EDITORIAL: Condi’s Failure

Saudi Gazette

By Rob L. Wagner

 

 

 

Monday, 05 February 2007

WHENEVER Secretary of State Condoleezza Rice arrives in Saudi Arabia, journalists look forward to her news conferences.

Witty, erudite, stylish and all business she is a master at deftly handling the media under the most arduous circumstances.

But it’s becoming increasingly clear that Rice is all style and no substance. This is not to suggest a lack of talent or skill. She possesses the chops to do the job, but she is constrained by the US policy and her almost slavish loyalty to President George Bush.
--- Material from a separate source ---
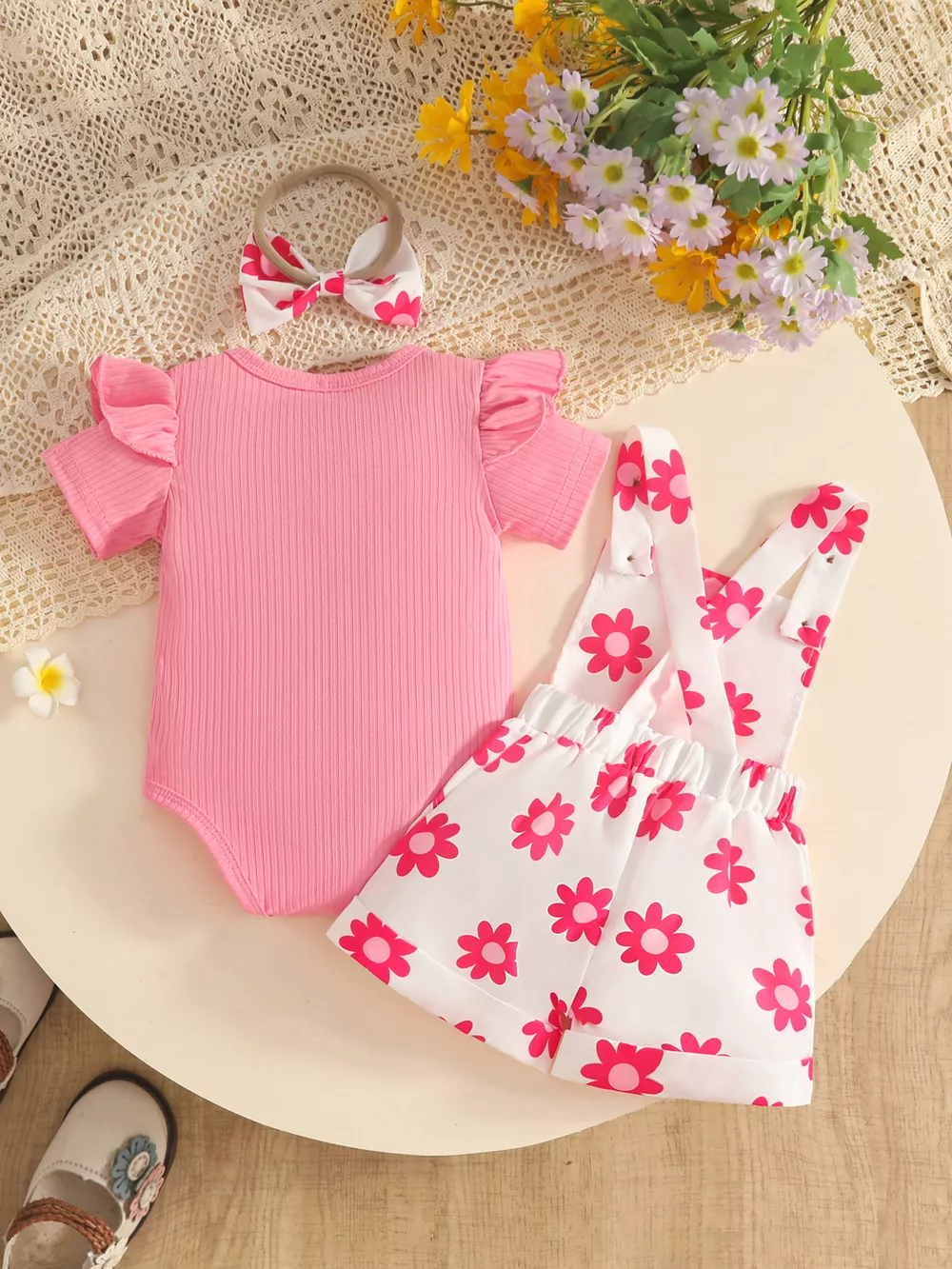 Children's Floral Print Overalls and Ribbed Top Set with Bow Headband, image 3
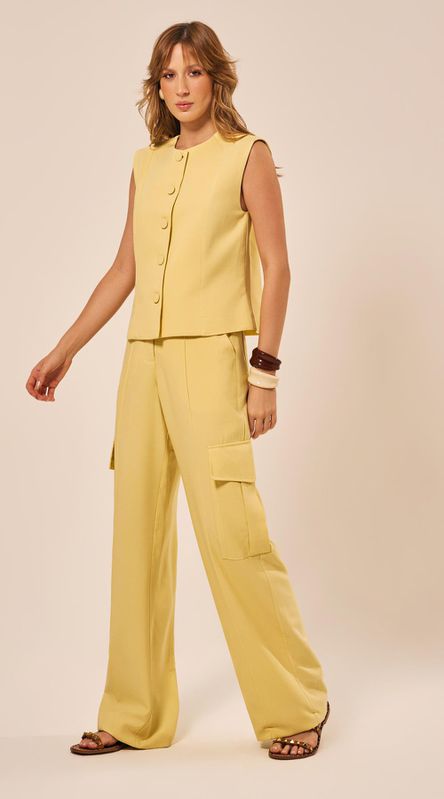 Calça Cargo Cintura Alta Amarelo - LENITA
Her legacy inevitably will be as the most ineffective secretary of state in modern history.

At the heart of the matter is her strident view of refusing to talk to Syria or Iran, tacitly encouraging Fatah to battle Hamas in the hopes that Hamas will be defeated, and standing idly by, if not endorsing, the disastrous Israeli war against Hezbollah.

She has failed to broker peace between Fatah and Hamas, offered no solutions to deal with the crumbling Lebanese government and has been virtually silent on the disaster in Iraq.

In fact, Rice has capitulated her role as a diplomat and peacemaker by asking leaders of the Gulf countries, including Saudi Arabia, to step in and help mediate peace and minimize sectarian strife in the region.

This is not wholly an Arab view. Even fellow Republicans and former diplomats have begun criticizing Rice’s performance.

Former Secretary of State James A. Baker III is mystified with Rice’s refusal to engage in dialogue with Syria. He recently told the Senate Foreign Relations Committee, “We practiced diplomacy full time, and it paid off.”

She has avoided the harsh criticism leveled at former Secretary of Defense Donald Rumsfeld. But now that he has been put out to pasture, her role in Iraq has come to front and center. It’s as if Americans expected more from Rice than from the martinet Rumsfeld.

It may be Bush’s overall foreign policy that will set the stage for a potential regional war in the Middle East, but she is the face of that foreign policy. For all his failures as secretary of state under Bush, at least we know that Colin Powell voiced dissent of the administration’s policy by advocating diplomacy over a military solution. Rice, however, is nothing more than a yes-woman to Bush and Vice President Dick Cheney.

Rice is a good girl. She does what’s she’s told. But in the end she is no friend to the Arab world.